╭─ GIVEN RECORDS

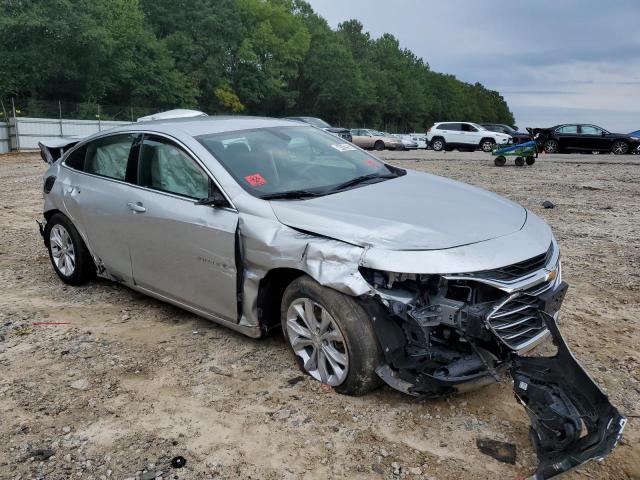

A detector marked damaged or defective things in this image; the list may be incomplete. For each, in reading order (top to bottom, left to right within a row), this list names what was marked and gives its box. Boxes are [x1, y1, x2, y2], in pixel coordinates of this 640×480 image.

detached hood [270, 169, 524, 249]
front end damage [360, 246, 624, 478]
crumpled fender [512, 314, 628, 478]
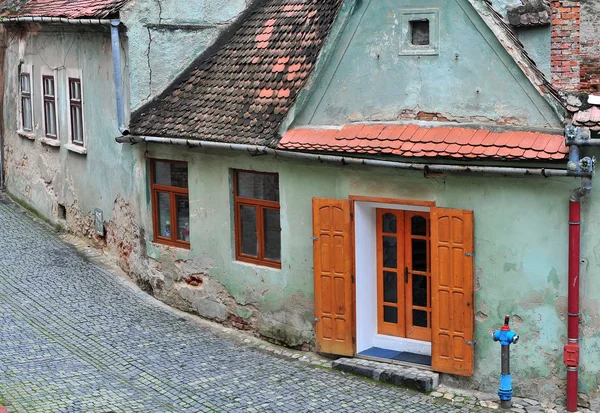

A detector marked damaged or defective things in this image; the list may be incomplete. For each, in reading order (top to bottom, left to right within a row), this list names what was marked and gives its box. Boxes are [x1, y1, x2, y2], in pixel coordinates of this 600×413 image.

peeling plaster wall [2, 25, 144, 270]
peeling plaster wall [119, 0, 251, 109]
peeling plaster wall [292, 0, 560, 127]
peeling plaster wall [127, 145, 600, 406]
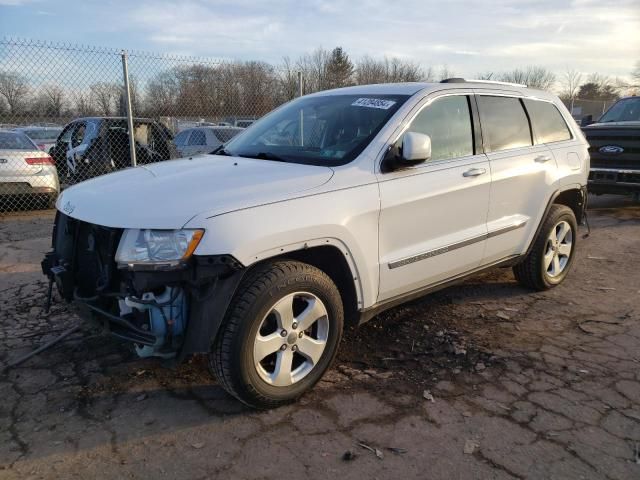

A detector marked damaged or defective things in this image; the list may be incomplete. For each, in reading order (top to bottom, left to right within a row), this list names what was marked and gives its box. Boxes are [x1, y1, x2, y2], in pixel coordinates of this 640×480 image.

damaged front bumper [40, 214, 245, 360]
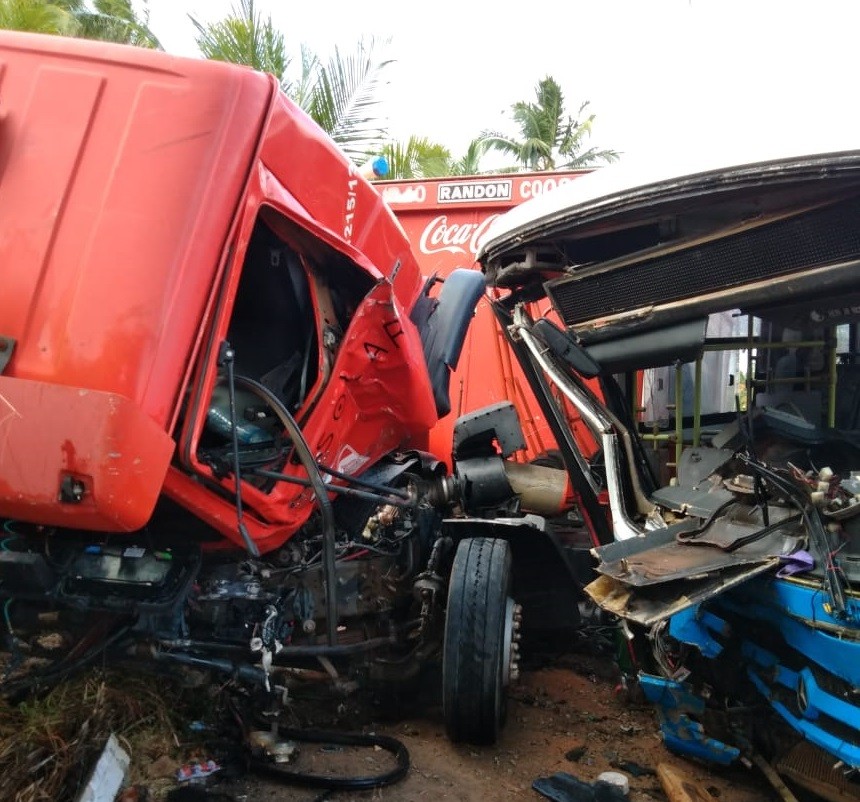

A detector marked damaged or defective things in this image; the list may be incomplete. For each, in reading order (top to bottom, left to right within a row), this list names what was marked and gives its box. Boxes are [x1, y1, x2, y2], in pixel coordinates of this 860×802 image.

crushed vehicle [0, 29, 588, 744]
crushed vehicle [478, 150, 860, 792]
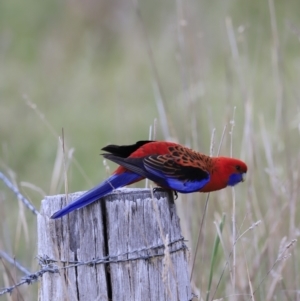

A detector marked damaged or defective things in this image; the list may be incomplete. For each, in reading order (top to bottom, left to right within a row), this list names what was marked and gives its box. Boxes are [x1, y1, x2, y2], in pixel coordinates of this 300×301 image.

rusty barbed wire [0, 234, 188, 296]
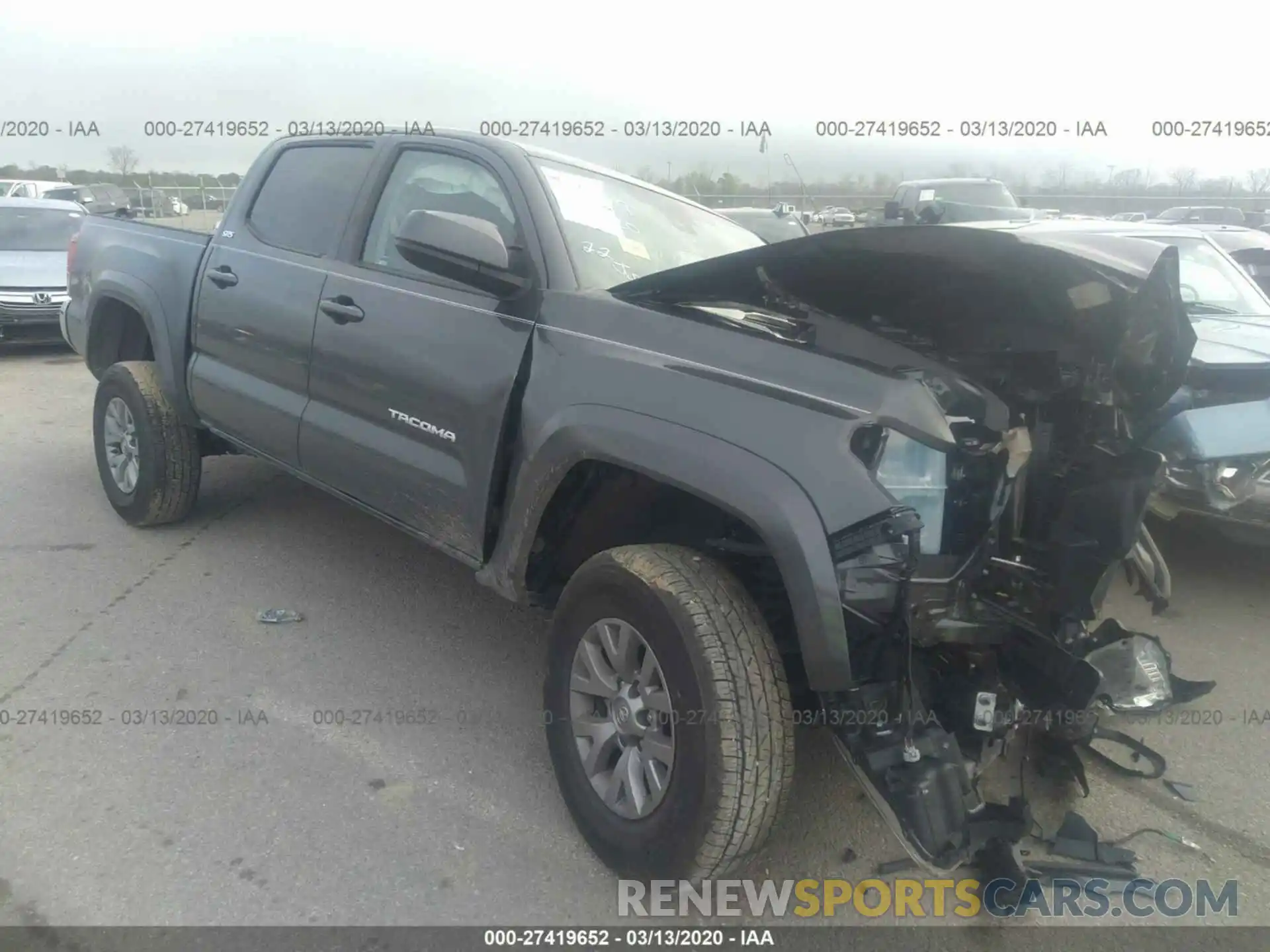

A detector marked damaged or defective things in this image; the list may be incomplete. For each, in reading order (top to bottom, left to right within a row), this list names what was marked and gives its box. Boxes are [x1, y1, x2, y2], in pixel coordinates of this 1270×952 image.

crumpled hood [0, 249, 69, 287]
crumpled hood [614, 223, 1201, 423]
crumpled hood [1191, 317, 1270, 368]
damaged front end [614, 225, 1222, 878]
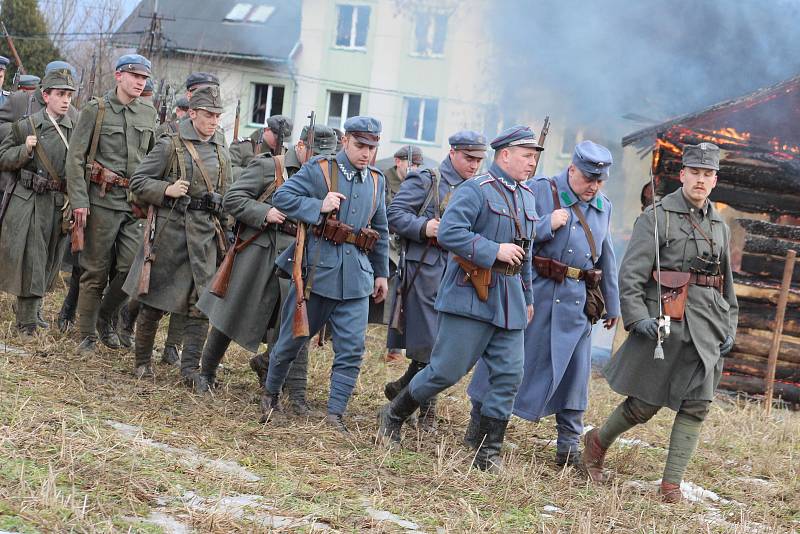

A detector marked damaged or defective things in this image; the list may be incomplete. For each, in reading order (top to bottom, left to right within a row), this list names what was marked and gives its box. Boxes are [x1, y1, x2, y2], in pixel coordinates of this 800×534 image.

charred wooden beam [720, 374, 800, 404]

╰─

#### WORK TO BE COMPLETED:
Every line from the one containing "this 800×534 image." through the last line of the entries above must be output exactly. Leave the rest out.

#### WRITTEN SOLUTION:
A detector marked damaged or defective things in this image; the list may be incomplete. For each, in reading order (top to bottom, left to right within a row), this list names what was marked and gives its box. Boxes are [x1, y1, x2, y2], in pixel coordinates of this 800×534 image.

charred wooden beam [720, 374, 800, 404]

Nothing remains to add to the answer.